Orange Night on Holland America: The MDR, Club Riff Raff, and the Best Club on the Ship

I’ve been on enough Holland America cruises to know which side of the dining room I belong to.

Not the side with the pressed blazers and the standing reservations at Pinnacle Grill. Not the side where the maître d’ knows your name because you paid extra for the privilege. I’m talking about the other side — the side where someone’s husband showed up to formal night in a polo and cargo shorts, caught exactly one disapproving look from the table across the room, and spent the rest of the evening having the best time on the ship.

That’s my side. That’s the Main Dining Room Division. And apparently, we have a name now: Club Riff Raff.

What Is Club Orange on Holland America — And Why Did Club Riff Raff Happen?

If you’ve cruised Holland America in the last few years, you know Club Orange.
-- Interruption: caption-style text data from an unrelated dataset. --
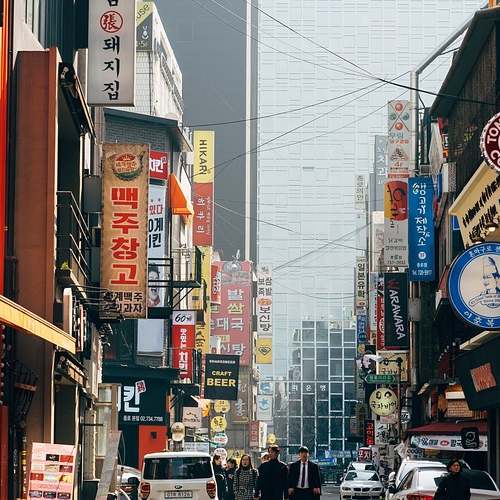 당신의 꿈속 오징어가 전하는 메시지 알아보세요!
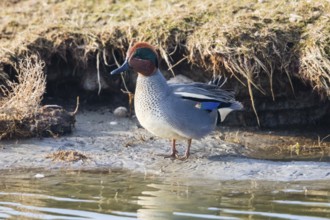 Eurasian Teal (Anas crecca), a male duck preening at the side of a lake, Texel, Holland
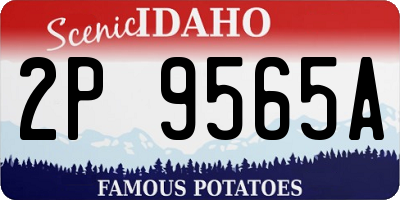 ID license plate 2P9565A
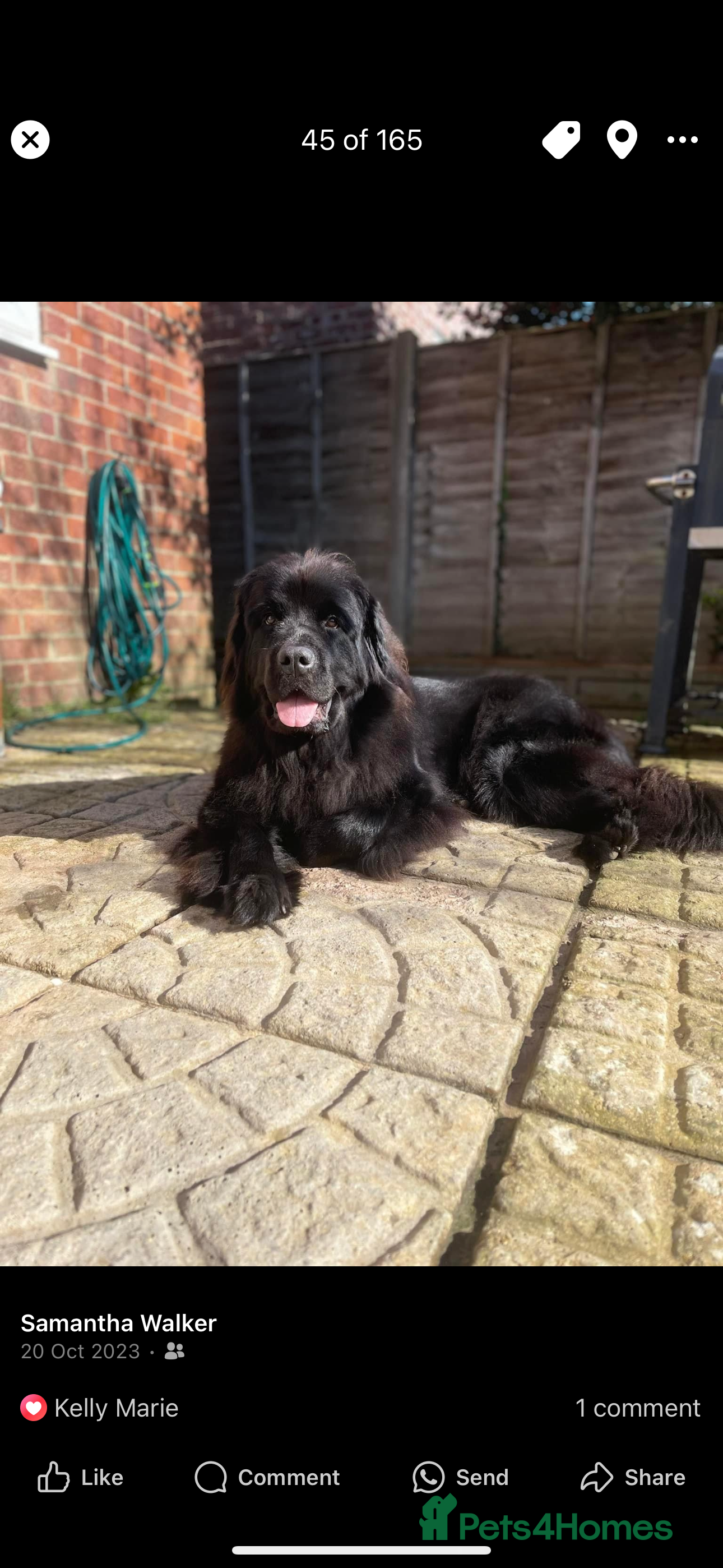 Newfoundland dogs Newfoundland puppies  - Advert 16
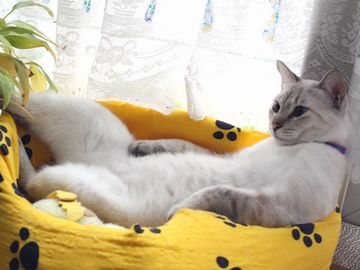 何でそんなに偉そうなんです?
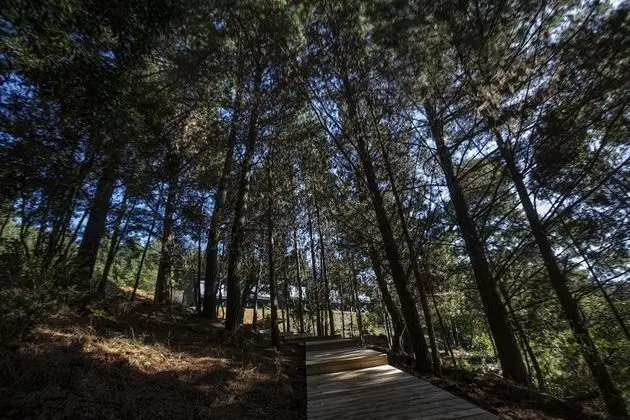 Hotel Pura Lodge - Dış Mekan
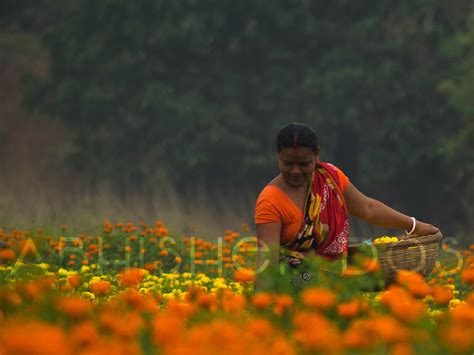 A Day in The Veil of Flowers | Khirai | West Bengal | Solitary Traveller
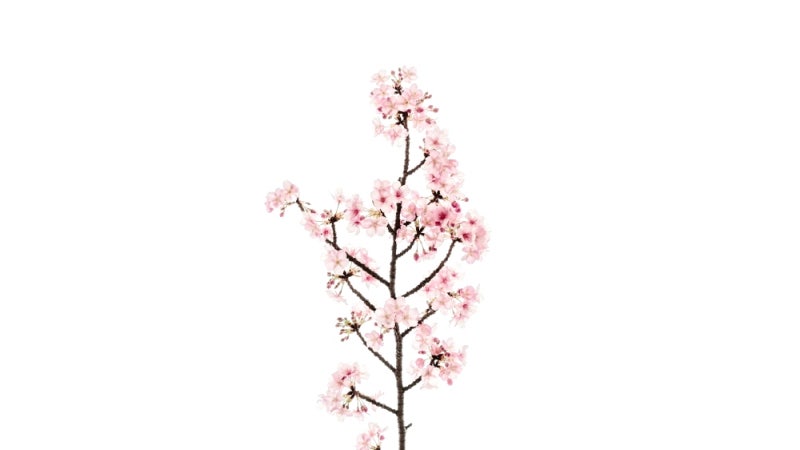 장애인 차량 표지판 발급 방법과 절차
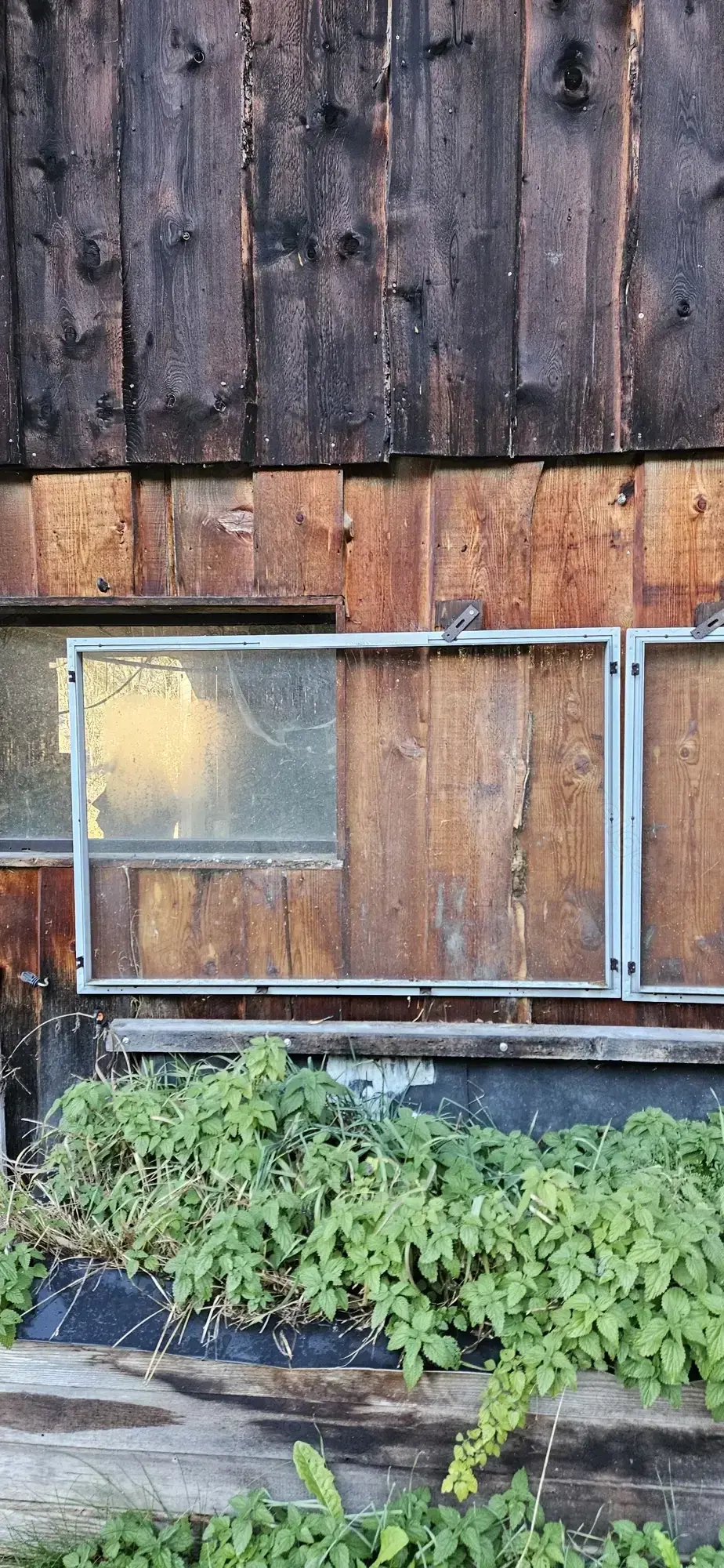 Glas   Fenster abzugeben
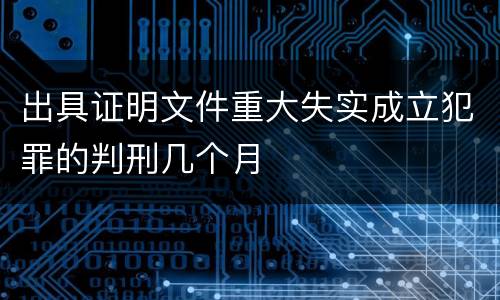 出具证明文件重大失实成立犯罪的判刑几个月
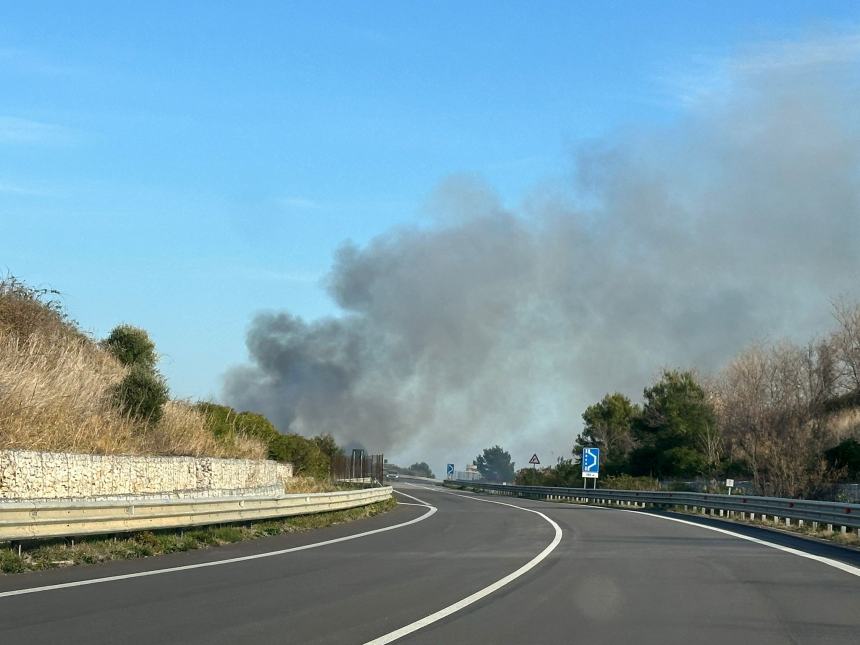 Divampa incendio lungo la Tangenziale Nord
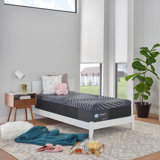 Sealy Albany 13" Soft Memory Foam Mattress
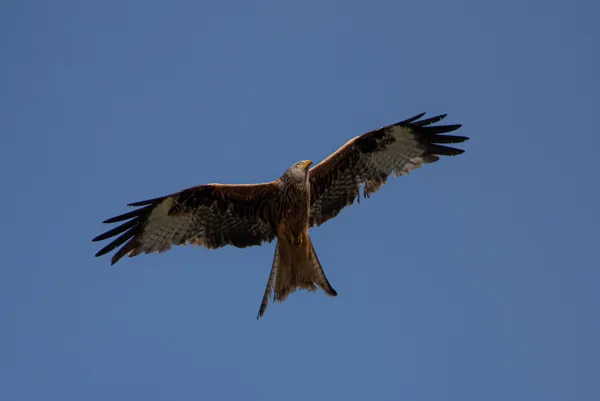 17-6 iets in de lucht sjef 3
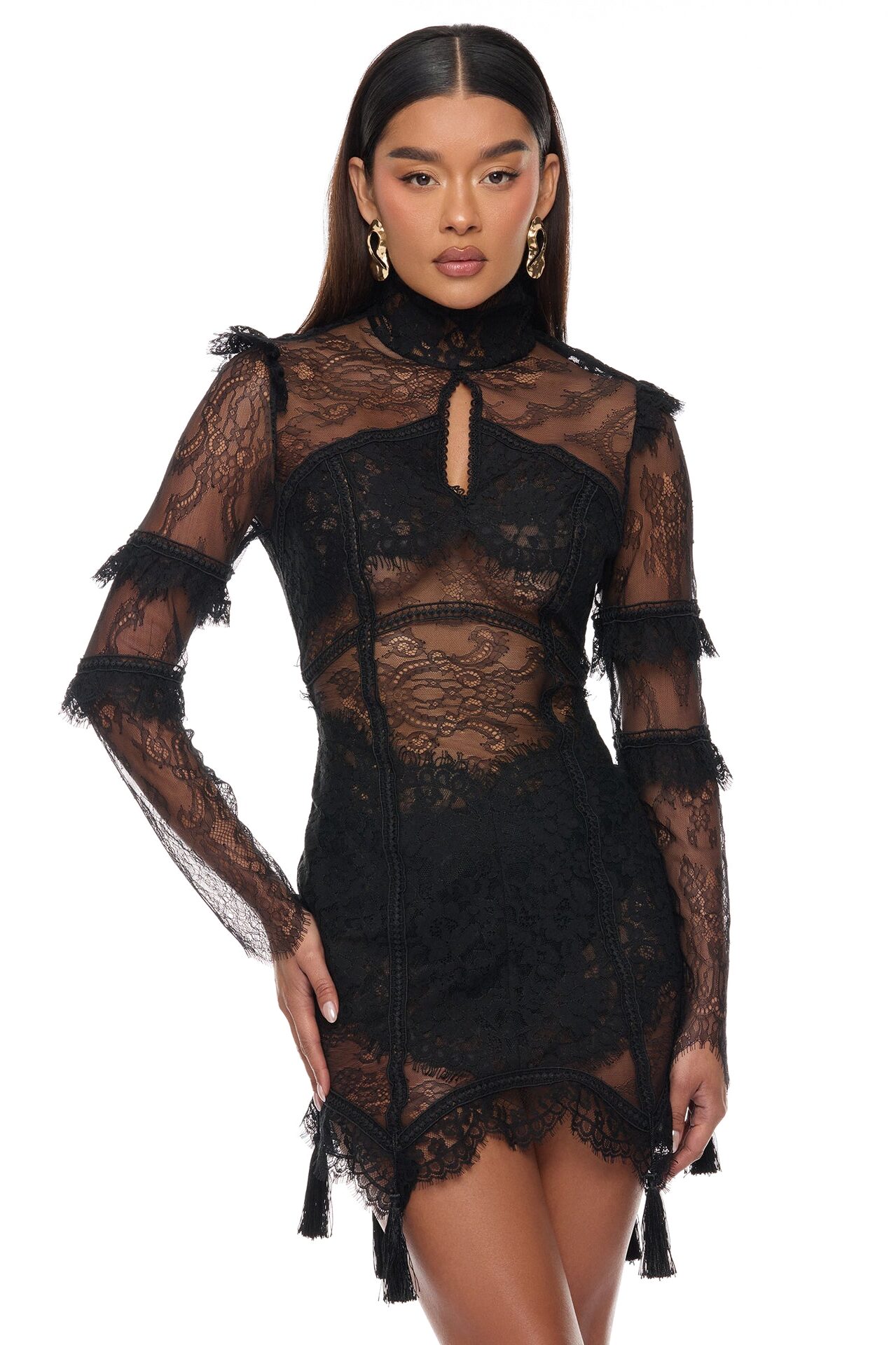 Lana Sheer Lace Mini Dress - Black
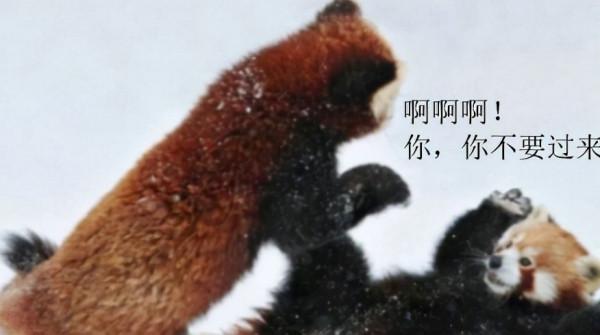 動物的迷之可愛習性，企鵝認人做&OpenCurlyDoubleQuote;大哥&rdquo;，小熊貓的威嚇認真的？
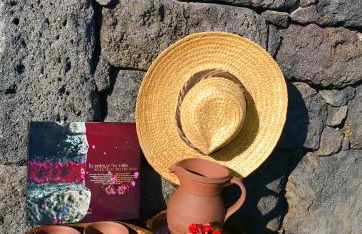 Adega da Prainha - Photo 22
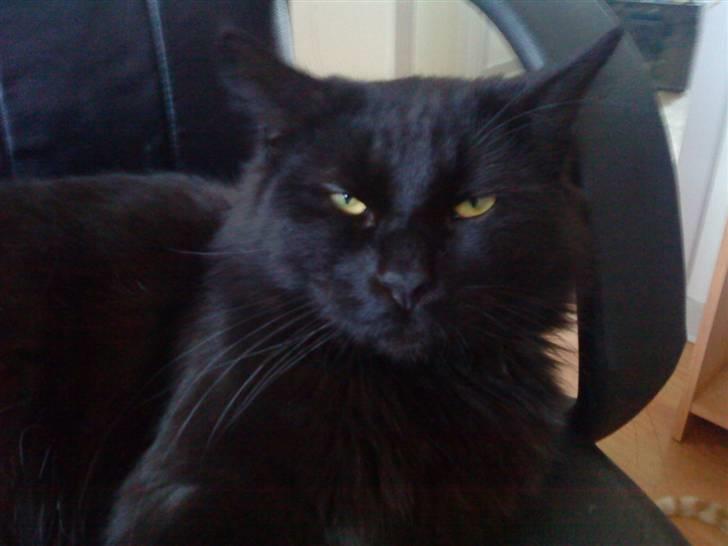 Blanding af racer Mowgli (ikke vores mere) billede 18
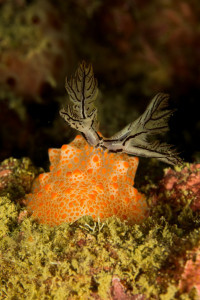 nudibranch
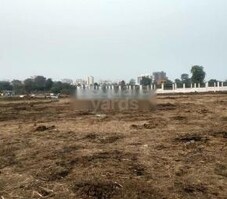 Green SS Shriya Featured Image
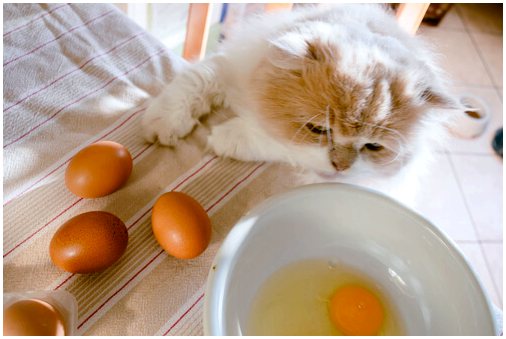 Могут ли кошки есть яйца?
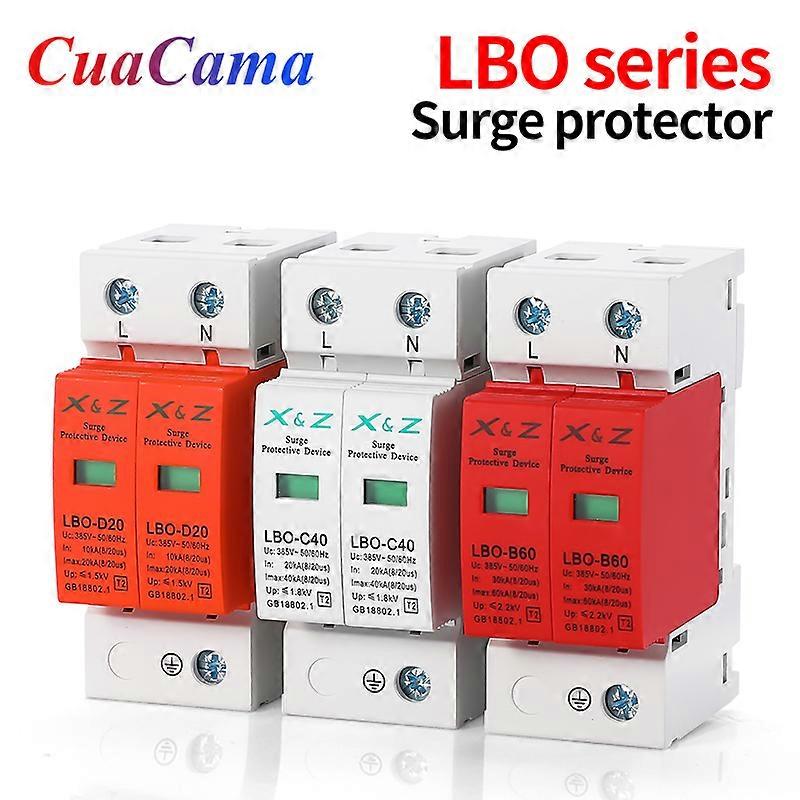 1Pcs SPD 2P Surge Protector Low Voltage AC Distribution Household Lightning Protection Device Arrester Power Switch Module LBO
It’s HAL’s paid upgrade program — priority boarding, a dedicated dining room section, a guaranteed seat at the Neptune Lounge breakfast, that sort of thing. For the right traveler, it probably makes sense.

For a lot of repeat HAL cruisers, it became the source of a very specific, very relatable kind of resentment.

Not rage. Not boycotts. Just the quiet, knowing eye-roll of someone who’s been sailing Holland America since before the upgrade programs existed — who remembers when the MDR was the experience, when getting dressed for dinner and sitting down with strangers and arguing about port stops over shared appetizers was the whole point.

Somewhere in the Holland America Facebook groups — and if you cruise HAL, you know exactly which ones — someone coined the counter-identity: Club Riff Raff. It caught on immediately. Because it was true.

The Great HAL Dining Room Divide: Blazers vs. Cargo Shorts

Here’s the thing about Holland America culture that outsiders don’t quite get: HAL has always attracted a particular kind of cruiser. Traditionalists. People who genuinely enjoy formal night. People who still think there’s something worth preserving about the ritual of a proper ship’s dinner — white tablecloths, multiple courses, a wine list that doesn’t need to be photographed before ordering.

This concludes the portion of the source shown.